Today was a bad day. I’ve not cried like I have today since—oh, I can’t remember. Maybe never. In a heated discussion, I learned what someone whom I once considered a friend really thought of me. All these years, we’ve been having easy conversations about my cat(s) and such other frivolous matters, yet beneath it all…
I’m glad I didn’t know their true feelings before. But then again, had I known, I may have invested less in the relationship and spared myself today’s pain and that of the past few months. And who knows what I’d have done in retaliation? Thank God for keeping from us certain knowledge! Fact remains I didn’t know, and three months ago, I would have thought anyone insane who said as much. Funny. I was described as being insane today.

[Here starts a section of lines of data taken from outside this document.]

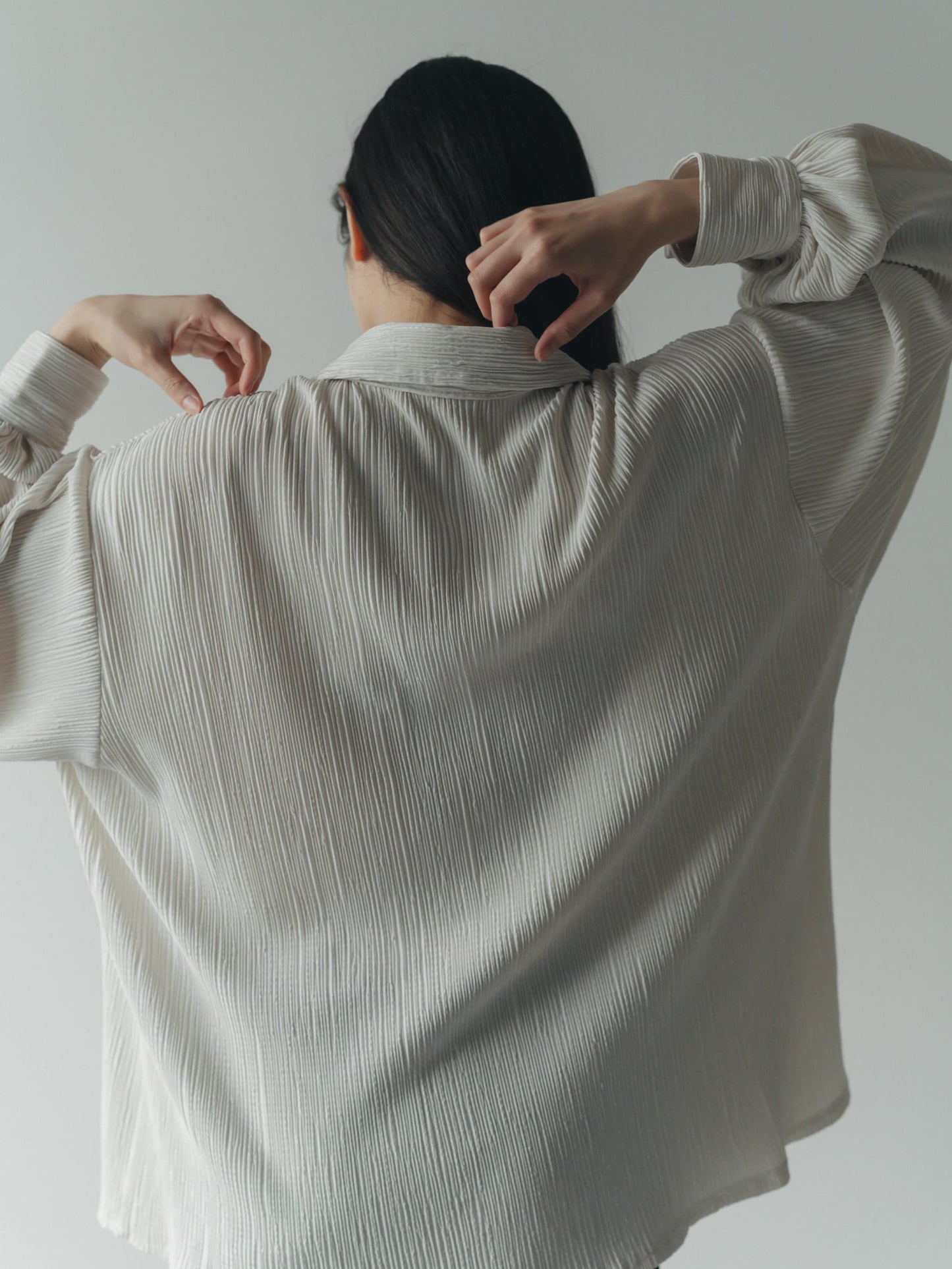 pleats shirt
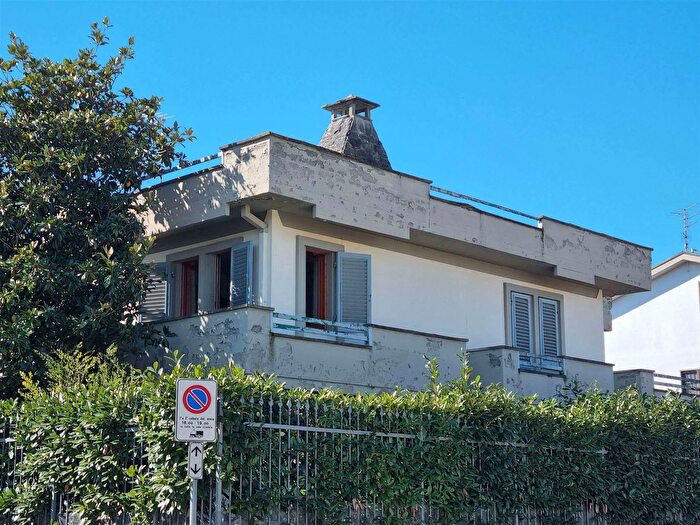 Casa con 12 locali in vendita in Campi Bisenzio, Campi Bisenzio
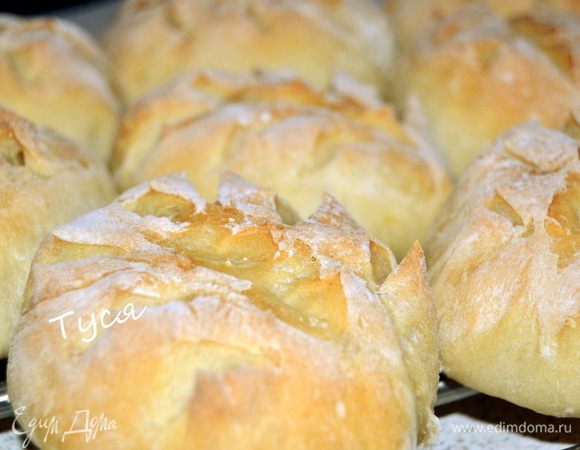 Духовка предварительно разогрета до 250 гр.Открываем духовой шкаф и быстро прыскаем воду из пульверизатора,ставим противень с булками и уменьшаем жар до 220 гр. выпекаем 10 минут,может больше - до золотистой корочки.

I am by no means totally blameless in the whole matter. God has been working on me recently—suddenly I couldn’t escape messages on forgiveness, self-righteousness and pride—and after today, I have even more to work on and to repent of. If it was hard 24 hours ago, I don’t know about now. I’m thankful I have a Father who specialises in transforming lives. The last thing I want is to become bitter and to bring division between our mutual friends.
I hope that one day, I’ll be able to look back on this and see what good it brought about in my life. And by God’s grace, good will come of this. I don’t know when and I certainly don’t see how, but I cling to two truths: God is good, and He loves me.